Kenyon and Stouch said they were confident the PCCD board would find a
way to not let certifications lapse for constables. But they offered no foundation for that claim.
Caltagirone said his understanding is that funding for constable training will run out by the end of this year, which means constables couldn’t get firearms certification and they can’t work without that certification.
State Rep. Barry Jozwiak, a Bern Township Republican and a fellow member of the state house Judiciary Committee, said many committee members feel the constable system should be phased out through attrition and their duties assumed by county sheriff departments.
“I have a bill that would eliminate them (constable system),” said Jozwiak, a former Berks sheriff. “They’re a vestige of a bygone era that has no place in the 21st century.”

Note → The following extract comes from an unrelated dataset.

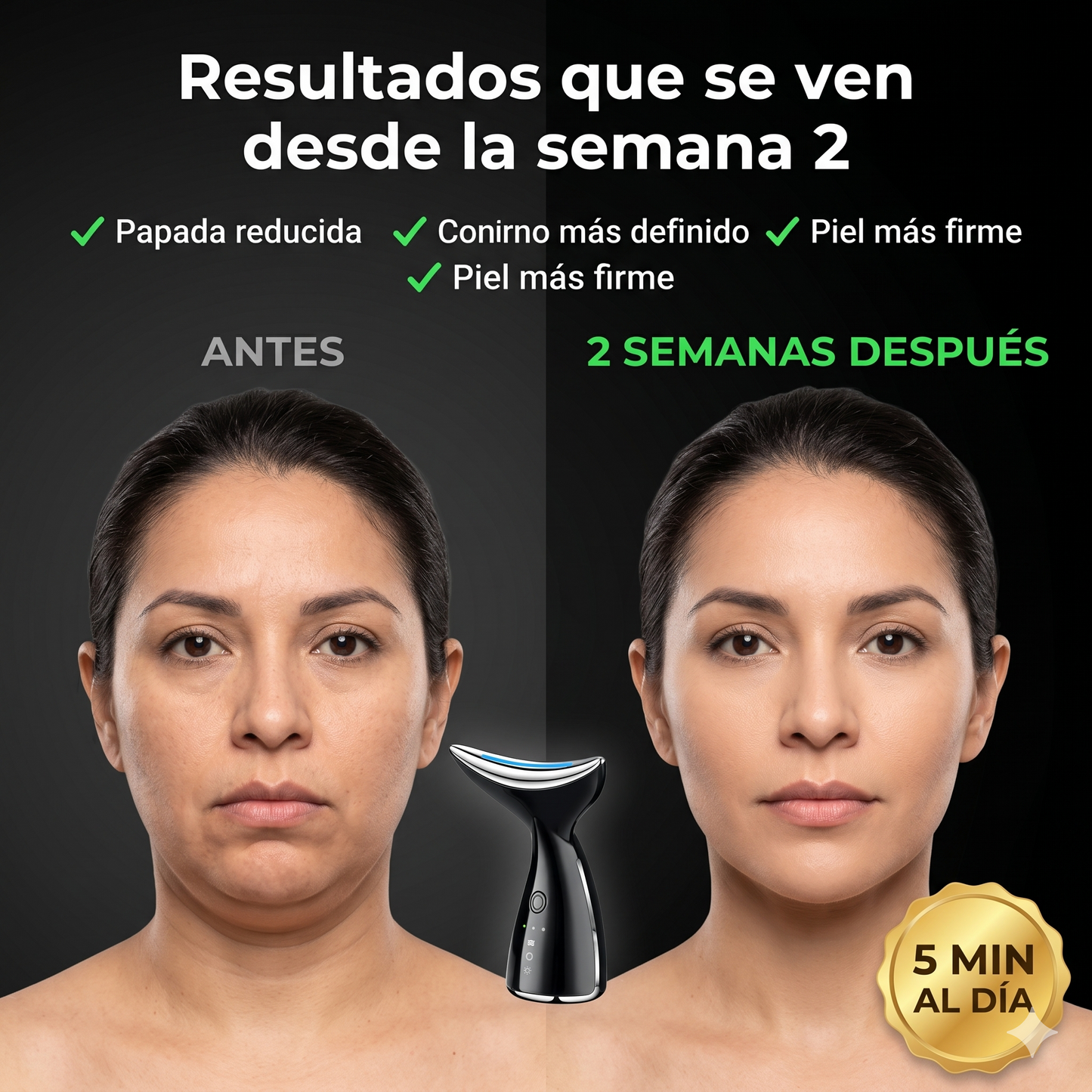 Velura™ Masajeador Facial Antiarrugas | Lifting Visible en 2 Semanas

“For that reason it should be abolished altogether, and we will be offering legislation to achieve that end,” Jozwiak said. “The general
consensus is they’re running out of money.
“This year I think there are more than 100 constables up for training and they’re only having one class for 25 constables. Without the training they can’t be certified and without certification they can’t work for the courts.”

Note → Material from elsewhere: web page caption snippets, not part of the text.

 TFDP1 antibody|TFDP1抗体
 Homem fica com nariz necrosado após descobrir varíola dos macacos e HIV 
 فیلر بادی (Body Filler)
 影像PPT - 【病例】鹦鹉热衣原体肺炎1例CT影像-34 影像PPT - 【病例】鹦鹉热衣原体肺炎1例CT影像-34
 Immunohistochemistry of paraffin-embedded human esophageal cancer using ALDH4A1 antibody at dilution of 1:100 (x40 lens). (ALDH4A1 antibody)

At that point constable work, mainly with the magisterial district courts, would fall to the county sheriff departments. Jozwiak said legislation he is proposing would eliminate constable positions through attrition.
“That way we wouldn’t be dumping the constable work in the laps of the various county sheriffs all at once,” he said.
Berks Sheriff Eric J. Weaknecht said he has done an analysis of funding generated by constable fees and the cost of having deputies do that work.
“The funding would cover salaries, benefits, equipment and other costs for maybe three to four deputies,” Weaknecht said. “We could
not do the work the constables do with that number of people.”
At that point, funding to hire deputies to serve warrants, transport prisoners and provide security for the county’s lower courts would become the responsibility of the county commissioners.
“That’s not good news,” said Commissioner Chairman Christian Y. Leinbach
“The idea that the county could ever save money by eliminating constables and putting that work on the sheriffs is ludicrous,” Leinbach said. “The (constables) don’t get health care, they buy their own weapons and uniforms, their own cars, they rely on the warrant fee schedule (for payment).”
Leinbach said like the county 9-1-1 fee, funding of Berks Heim and other state funding programs, the Legislature never ties fees to the cost of living.
“The county taxpayers are going to get stuck with funding something the state should be taking care of,” Leinbach said.